Eight days after the very tight vote of activists, Olivier Faure and Nicolas Mayer-Rossignol have still not found an agreement on the identity of the new first secretary.
By Sandrine Cassini
The Palais du Pharo, majestic Marseille monument overlooking the Mediterranean, will it be, for the Socialist Party (PS), the theater of a new struggle to death, or the opportunity to put an end to a bad Film started on January 19? Difficult to decide on the eve of the opening of the PS congress, which is held from Friday 27 to Sunday 29 January in Marseille. At dawn Friday, the two candidates for the post of first secretary remained in irreconcilable positions. The deputy of Seine-et-Marne Olivier Faure always claims a victory refused to him by his rival, the mayor of Rouen, Nicolas Mayer-Rossignol, denouncing the irregularities of the ballot. “Everything we could have done rather than fighting in the mud for six months on the Congress!”, Gets the current leader of the PS.
From the meeting held in his office in Ivry-sur-Seine on Monday January 23, the elected official saw neither Nicolas Mayer-Rossignol, nor his circumstance ally, Hélène Geoffroy, even if they called themselves this week.
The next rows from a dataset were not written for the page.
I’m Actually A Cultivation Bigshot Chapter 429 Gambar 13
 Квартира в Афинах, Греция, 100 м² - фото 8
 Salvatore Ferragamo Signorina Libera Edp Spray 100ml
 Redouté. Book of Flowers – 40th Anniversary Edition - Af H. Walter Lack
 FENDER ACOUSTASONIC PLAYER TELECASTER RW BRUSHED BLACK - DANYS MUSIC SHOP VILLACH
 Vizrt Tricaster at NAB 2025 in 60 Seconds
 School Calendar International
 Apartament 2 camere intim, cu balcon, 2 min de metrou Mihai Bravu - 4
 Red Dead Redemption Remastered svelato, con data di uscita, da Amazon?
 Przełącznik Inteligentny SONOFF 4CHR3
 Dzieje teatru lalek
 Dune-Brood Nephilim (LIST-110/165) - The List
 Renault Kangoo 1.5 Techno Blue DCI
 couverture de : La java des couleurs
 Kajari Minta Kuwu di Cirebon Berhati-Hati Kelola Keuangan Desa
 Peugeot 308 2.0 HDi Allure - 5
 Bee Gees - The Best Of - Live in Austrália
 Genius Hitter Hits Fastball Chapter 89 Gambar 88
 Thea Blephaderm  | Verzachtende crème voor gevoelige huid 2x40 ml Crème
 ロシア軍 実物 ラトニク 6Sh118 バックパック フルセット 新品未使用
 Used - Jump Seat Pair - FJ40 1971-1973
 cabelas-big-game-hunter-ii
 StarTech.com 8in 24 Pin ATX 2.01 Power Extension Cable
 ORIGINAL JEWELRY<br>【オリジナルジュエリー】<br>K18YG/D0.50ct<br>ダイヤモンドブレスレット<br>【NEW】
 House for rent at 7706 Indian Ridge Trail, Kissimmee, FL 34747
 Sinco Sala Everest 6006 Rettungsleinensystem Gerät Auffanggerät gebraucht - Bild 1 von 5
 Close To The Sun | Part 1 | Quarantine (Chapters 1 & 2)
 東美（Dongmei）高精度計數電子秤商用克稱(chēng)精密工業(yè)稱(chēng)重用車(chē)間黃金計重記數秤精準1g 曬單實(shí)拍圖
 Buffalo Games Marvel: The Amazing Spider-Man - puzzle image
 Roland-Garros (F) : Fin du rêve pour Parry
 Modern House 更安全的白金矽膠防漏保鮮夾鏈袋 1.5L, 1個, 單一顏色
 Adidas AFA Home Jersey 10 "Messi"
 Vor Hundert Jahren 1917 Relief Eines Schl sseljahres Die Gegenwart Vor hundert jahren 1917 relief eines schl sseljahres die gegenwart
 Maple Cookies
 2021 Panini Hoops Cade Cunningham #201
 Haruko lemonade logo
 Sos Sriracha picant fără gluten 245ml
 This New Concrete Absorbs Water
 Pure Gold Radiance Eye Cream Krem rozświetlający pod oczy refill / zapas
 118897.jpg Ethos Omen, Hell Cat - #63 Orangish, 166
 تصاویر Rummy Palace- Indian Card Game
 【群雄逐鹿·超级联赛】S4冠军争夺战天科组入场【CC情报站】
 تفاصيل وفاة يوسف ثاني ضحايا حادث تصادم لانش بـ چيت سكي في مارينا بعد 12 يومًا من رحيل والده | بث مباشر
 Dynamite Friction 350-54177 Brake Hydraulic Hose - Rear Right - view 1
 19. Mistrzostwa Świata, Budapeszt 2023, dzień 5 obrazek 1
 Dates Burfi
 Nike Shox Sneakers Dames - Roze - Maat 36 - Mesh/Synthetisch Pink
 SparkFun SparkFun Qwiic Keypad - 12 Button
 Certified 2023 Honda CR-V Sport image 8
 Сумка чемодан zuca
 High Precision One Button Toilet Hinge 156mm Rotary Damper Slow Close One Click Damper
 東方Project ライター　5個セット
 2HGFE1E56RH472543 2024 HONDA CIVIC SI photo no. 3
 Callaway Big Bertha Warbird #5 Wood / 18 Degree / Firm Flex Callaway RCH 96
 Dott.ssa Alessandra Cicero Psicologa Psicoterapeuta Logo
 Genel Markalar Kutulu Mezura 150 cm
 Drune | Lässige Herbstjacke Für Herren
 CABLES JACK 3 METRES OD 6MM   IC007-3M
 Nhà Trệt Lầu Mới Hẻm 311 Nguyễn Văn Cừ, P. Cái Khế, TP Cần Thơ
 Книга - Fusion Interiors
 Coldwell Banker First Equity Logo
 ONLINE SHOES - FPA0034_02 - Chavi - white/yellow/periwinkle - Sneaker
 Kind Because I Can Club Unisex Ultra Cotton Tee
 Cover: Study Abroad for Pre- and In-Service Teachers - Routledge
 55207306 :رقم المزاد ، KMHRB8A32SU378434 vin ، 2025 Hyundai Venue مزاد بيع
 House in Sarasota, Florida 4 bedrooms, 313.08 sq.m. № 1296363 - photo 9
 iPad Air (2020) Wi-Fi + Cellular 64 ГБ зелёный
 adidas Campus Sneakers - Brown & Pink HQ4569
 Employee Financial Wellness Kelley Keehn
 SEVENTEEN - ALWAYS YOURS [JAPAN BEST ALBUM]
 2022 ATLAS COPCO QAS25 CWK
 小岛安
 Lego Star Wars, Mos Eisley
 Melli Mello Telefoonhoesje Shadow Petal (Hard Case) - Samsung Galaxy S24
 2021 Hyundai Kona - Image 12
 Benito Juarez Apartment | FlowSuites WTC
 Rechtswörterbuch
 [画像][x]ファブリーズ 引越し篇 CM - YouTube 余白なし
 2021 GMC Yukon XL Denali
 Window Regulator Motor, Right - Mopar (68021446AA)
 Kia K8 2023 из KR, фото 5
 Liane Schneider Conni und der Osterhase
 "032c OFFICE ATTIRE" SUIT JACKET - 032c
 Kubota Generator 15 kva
Eliminated during the vote of January 12, the mayor of Vaulx-en-Velin, behind which the faithful of former President François Hollande were placed, represents one of the Party currents in the management authorities.
The deputy continues to offer his two rivals, faced on January 12 during a first vote, assistant positions in a college direction. But they want more. The mayor of Rouen sent him a memorandum of understanding, engraving in marble an alternative governance project. In this document, Rouen’s councilor fixes the rules of a management at four, only a means, according to him, to represent the weight of the three sensitivities. With 49 % in the first round, Olivier Faure would have a second ally in this direction. Johanna Rolland for example, which he today wants to make his number two. There would also be Nicolas Mayer-Rossignol and Hélène Geoffroy. The decisions would be taken by consensus, and the disagreements would be decided by a vote of the National Council. Olivier Faure would retain the title of national secretary. But in fact, he would be under supervision.
The graying fifties repeat to whoever wants to hear it all the evil he thinks of this idea in the form of a gas factory, paralyzing for the party. As if to prove his good faith, Rouen’s councilor swears that if he had won the congress with only half of the votes, he would have “proposed exactly the same thing”. And also hammers that “the party is fractured in two. Politically, we have to get out of that”. In the meantime, faced with a ballot which he considers as “not clear”, he asked for the resumption of “the harvesting commission”, which was supposed to play the peace judges after the vote of January 19, but whose work does not did not succeed.